- Work item -
The response must consist of the lines from the one holding "Pantalone dritto in lino lamé" through the final line of the entries, given again exactly and without any pictures.

*** Begin section ***

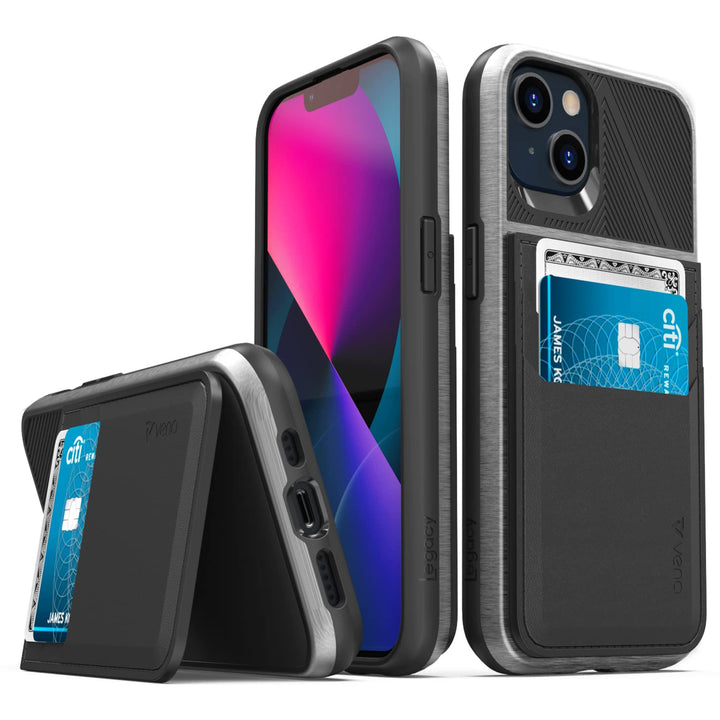 VENA Legacy RFID-Anti-Diebstahl-Kartenhalter Hülle kompatibel mit Apple iPhone 13 (15,5 cm), schlank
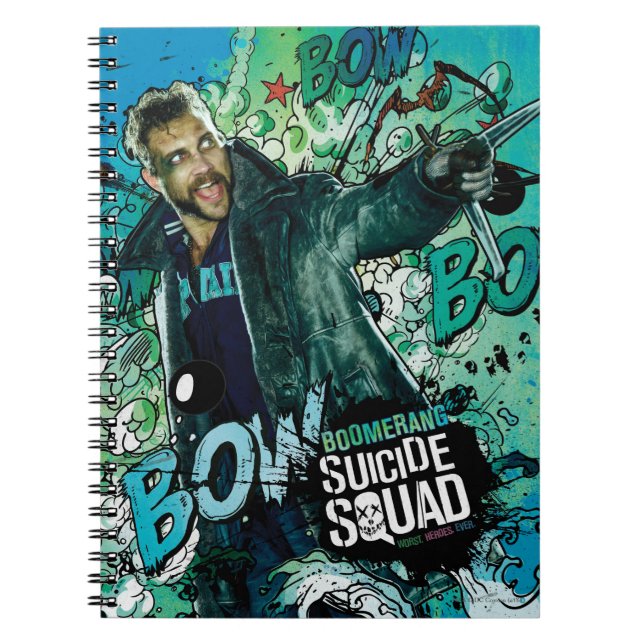 Caderno Espiral Esquadrão Suicida | Grafite de Caráter Boomerang (Frente)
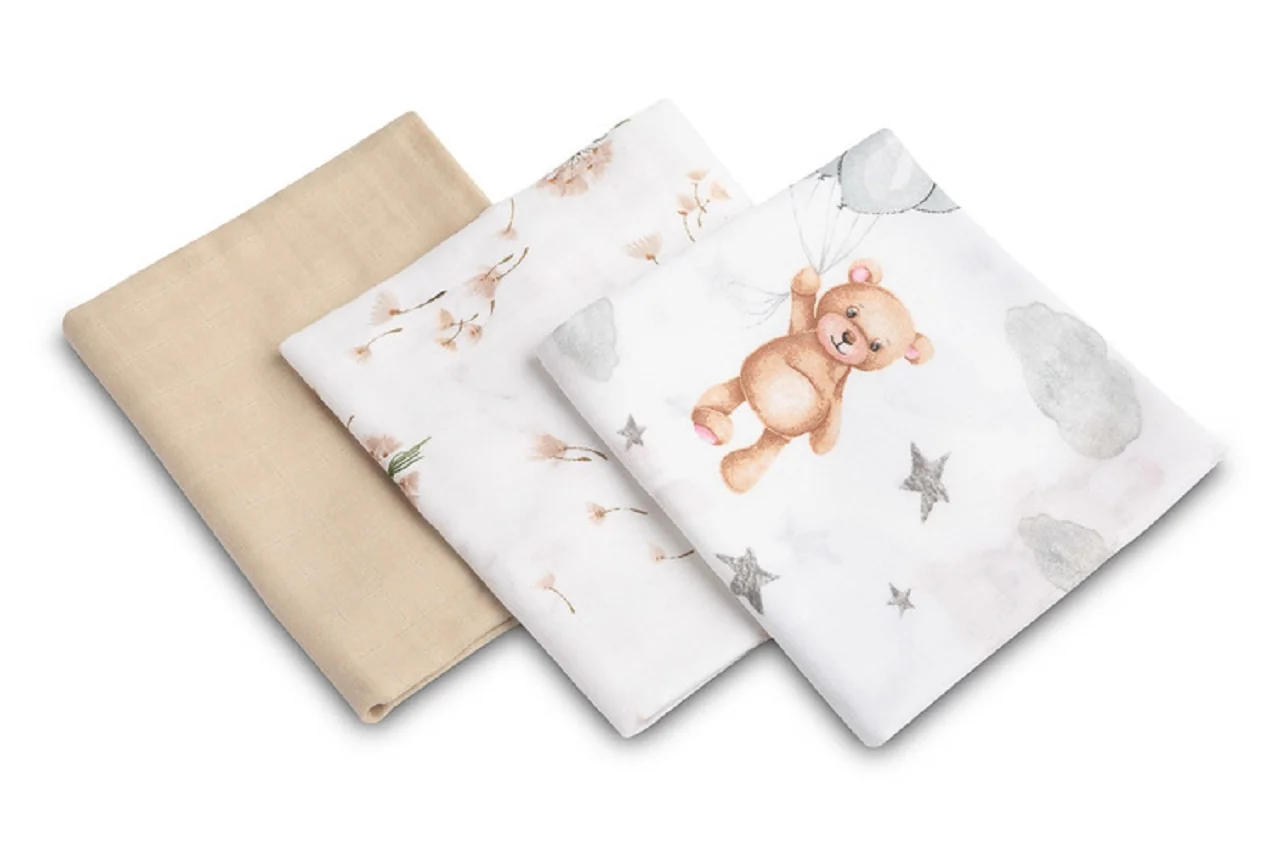 SENSILLO Mušelínové měkké plenky LUX, 3ks, Bear, bílá/béžová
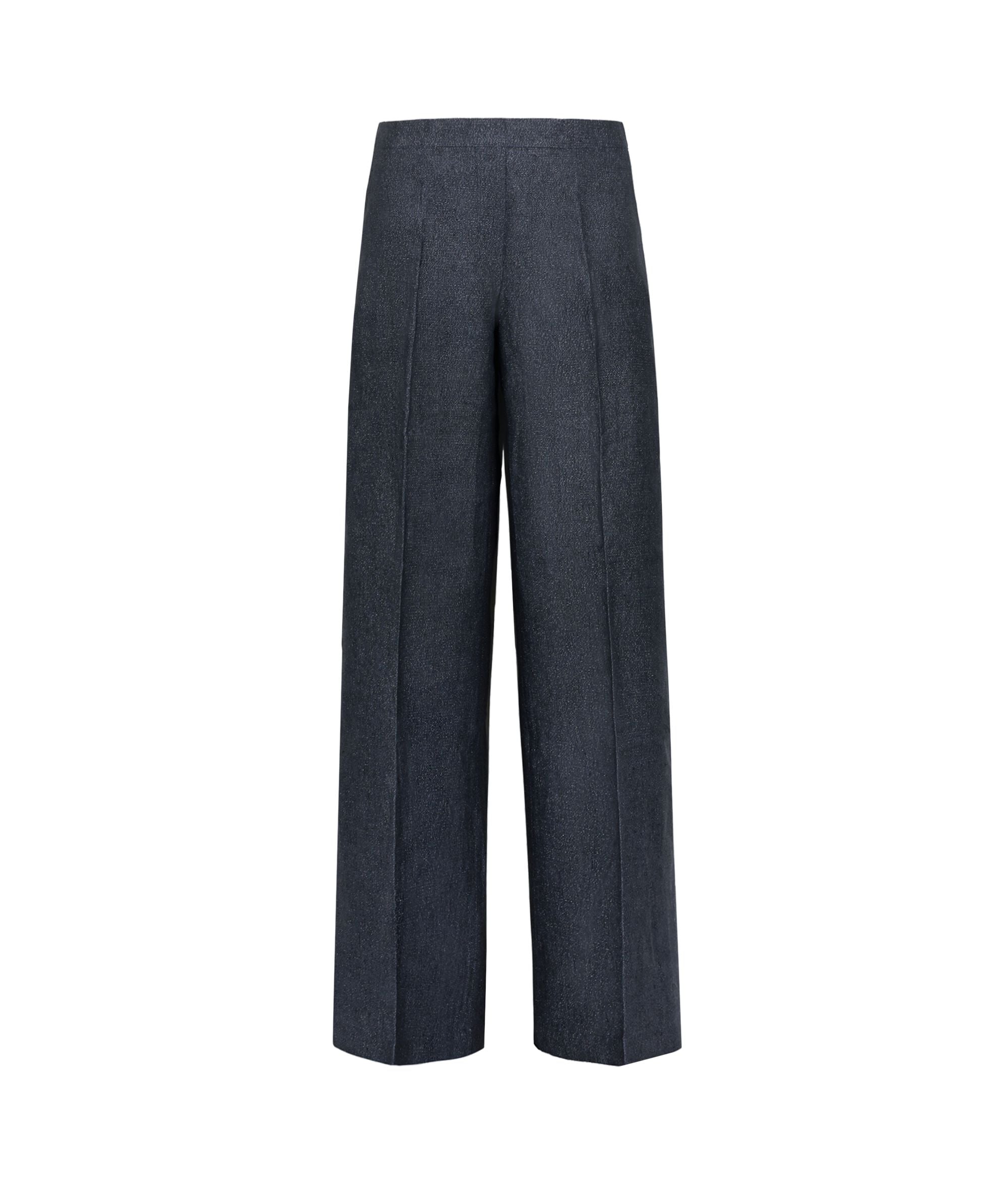 Pantalone dritto in lino lamé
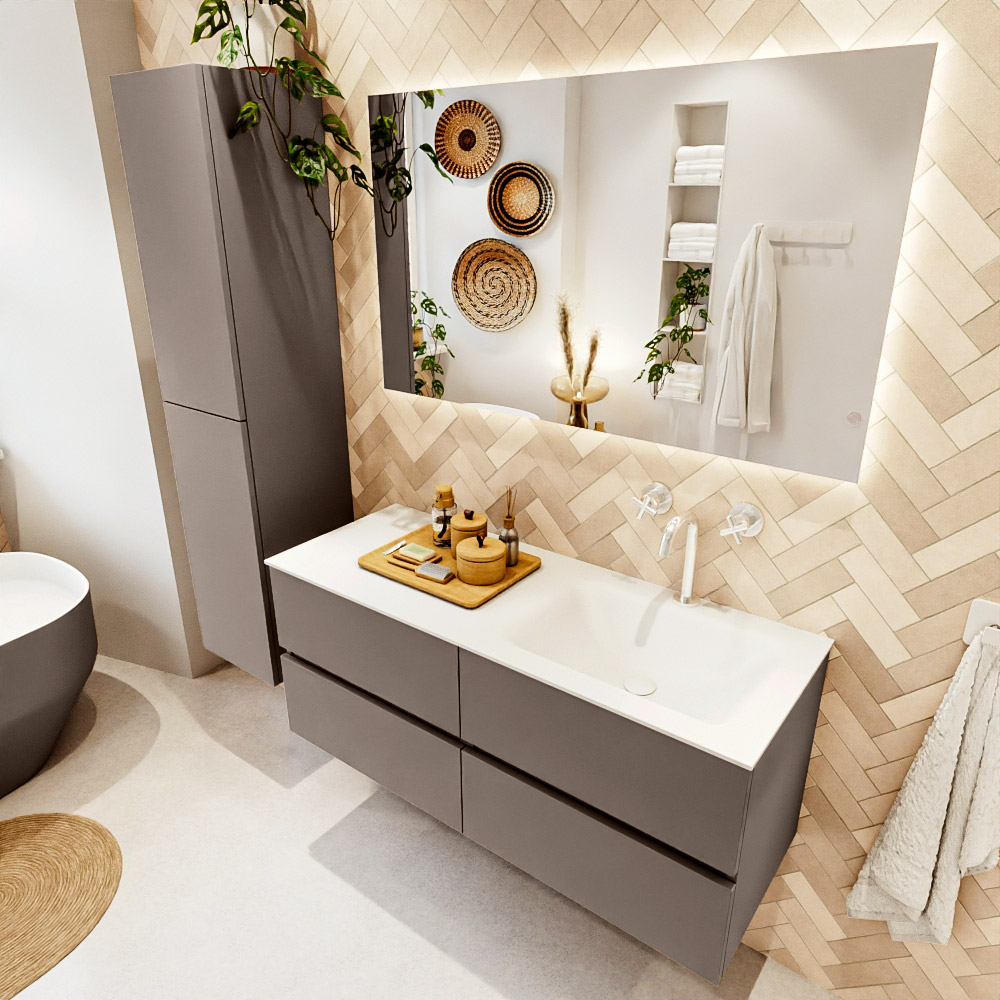 MONDIAZ VICA 120cm mueble de baño Smoke 4 cajones. Lavabo CLOUD Derecho 1 orificio color Talc con espejo LED. 1 MONDIAZ VICA 120cm mueble de baño Smoke 4 cajones. Lavabo CLOUD Derecho 1 orificio color Talc con espejo LED.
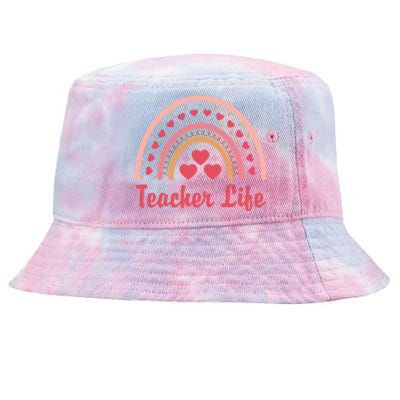 Teacher Life Rainbow Valentines Day Gift Tie-Dyed Bucket Hat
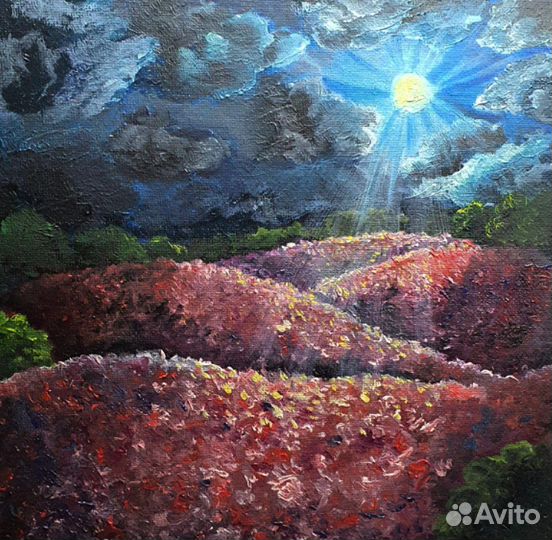 Картина маслом на холсте полнолуние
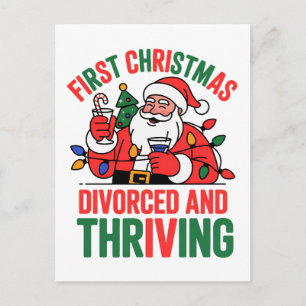 Cartão Postal De Anúncio Primeiro Natal Divorciado e Próspero Natal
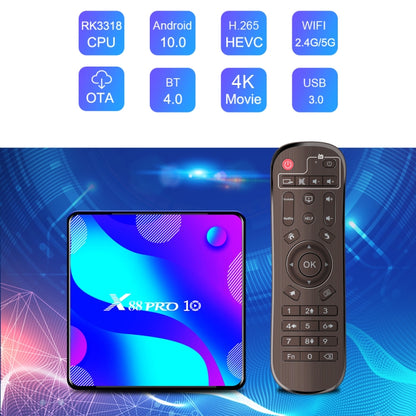 X88 PRO10 4K Smart TV BOX Android 11.0 Media Player, RK3318 Quad-Core 64bit Cortex-A53, RAM: 4GB, ROM: 64GB(EU Plug) - Consumer Electronics by buy2fix | Online Shopping UK | buy2fix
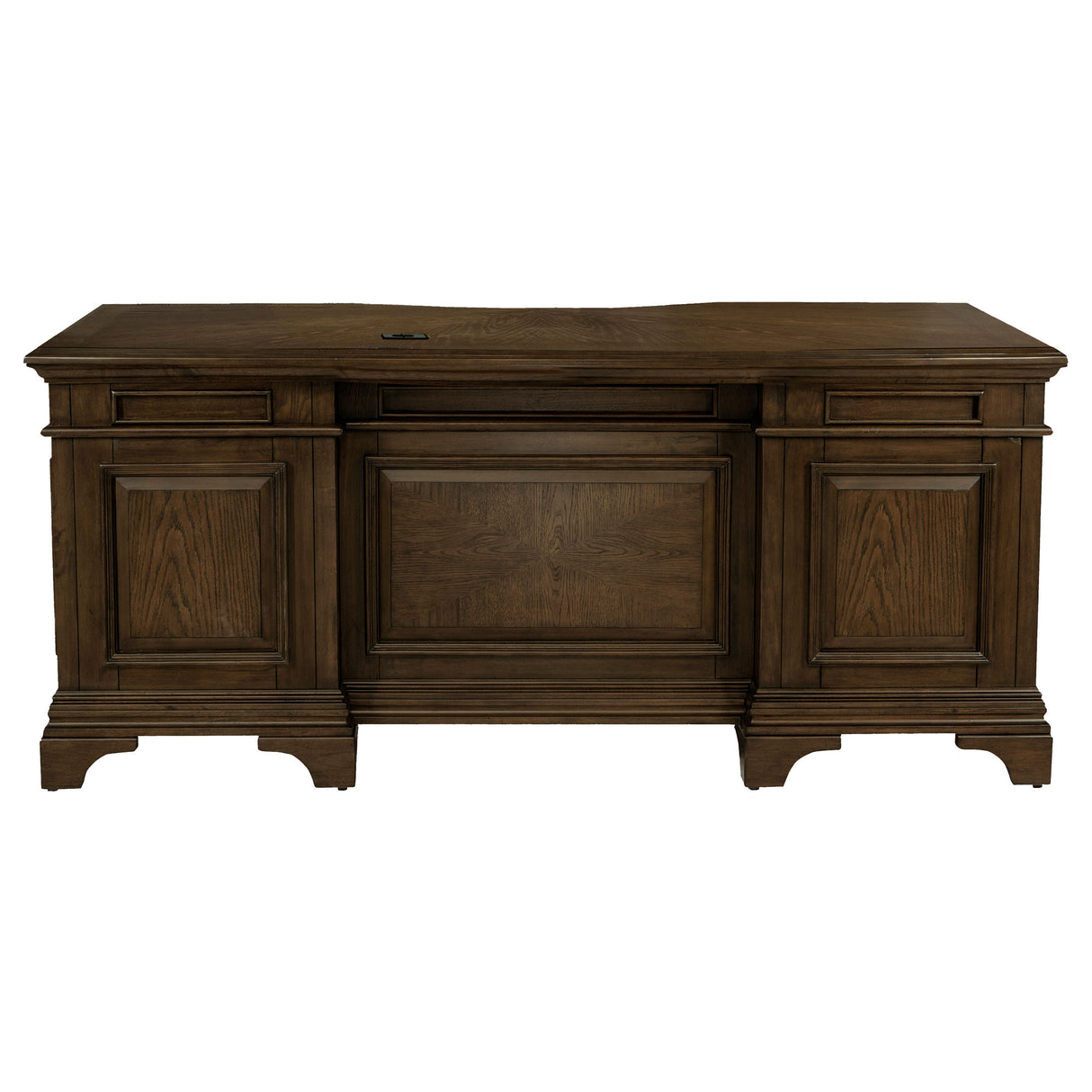 Hartshill 72-Inch 7-Drawer Executive Desk Burnished Oak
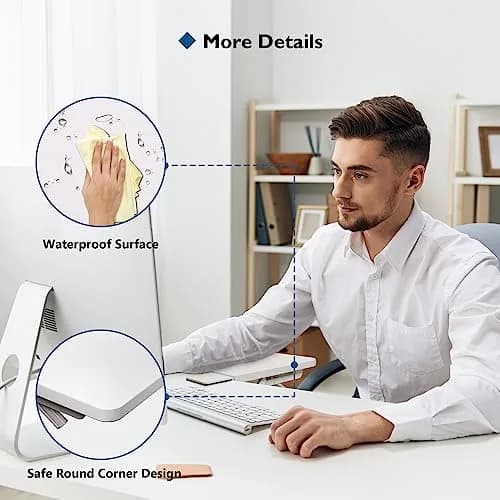 BONTEC Ergonomic Desk Extender Tray 9.5"x9.1" (24cm x 23cm) | Clamp-On Elbow Support for Office & Home Use thumbnail 4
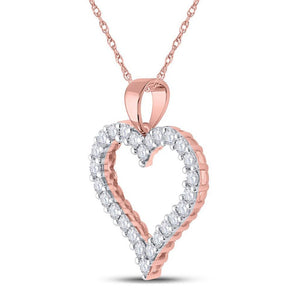 Diamond Heart & Love Symbol Pendant | 14kt Rose Gold Womens Round Diamond Heart Pendant 1 Cttw | Splendid Jewellery GND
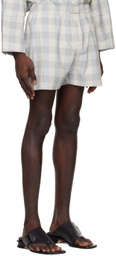 LOW CLASSIC Blue & Off-White Check Shorts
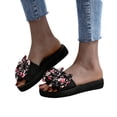 thumbnail image 4 of Women's New Summer One-line Floral Over Flat Sandals Sandals for Women Black 37, 4 of 8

*** End section ***

- Expected answer -
 Pantalone dritto in lino lamé
 MONDIAZ VICA 120cm mueble de baño Smoke 4 cajones. Lavabo CLOUD Derecho 1 orificio color Talc con espejo LED. 1 MONDIAZ VICA 120cm mueble de baño Smoke 4 cajones. Lavabo CLOUD Derecho 1 orificio color Talc con espejo LED.
 Teacher Life Rainbow Valentines Day Gift Tie-Dyed Bucket Hat
 Картина маслом на холсте полнолуние
 Cartão Postal De Anúncio Primeiro Natal Divorciado e Próspero Natal
 X88 PRO10 4K Smart TV BOX Android 11.0 Media Player, RK3318 Quad-Core 64bit Cortex-A53, RAM: 4GB, ROM: 64GB(EU Plug) - Consumer Electronics by buy2fix | Online Shopping UK | buy2fix
 Hartshill 72-Inch 7-Drawer Executive Desk Burnished Oak
 BONTEC Ergonomic Desk Extender Tray 9.5"x9.1" (24cm x 23cm) | Clamp-On Elbow Support for Office & Home Use thumbnail 4
 Diamond Heart & Love Symbol Pendant | 14kt Rose Gold Womens Round Diamond Heart Pendant 1 Cttw | Splendid Jewellery GND
 LOW CLASSIC Blue & Off-White Check Shorts
 thumbnail image 4 of Women's New Summer One-line Floral Over Flat Sandals Sandals for Women Black 37, 4 of 8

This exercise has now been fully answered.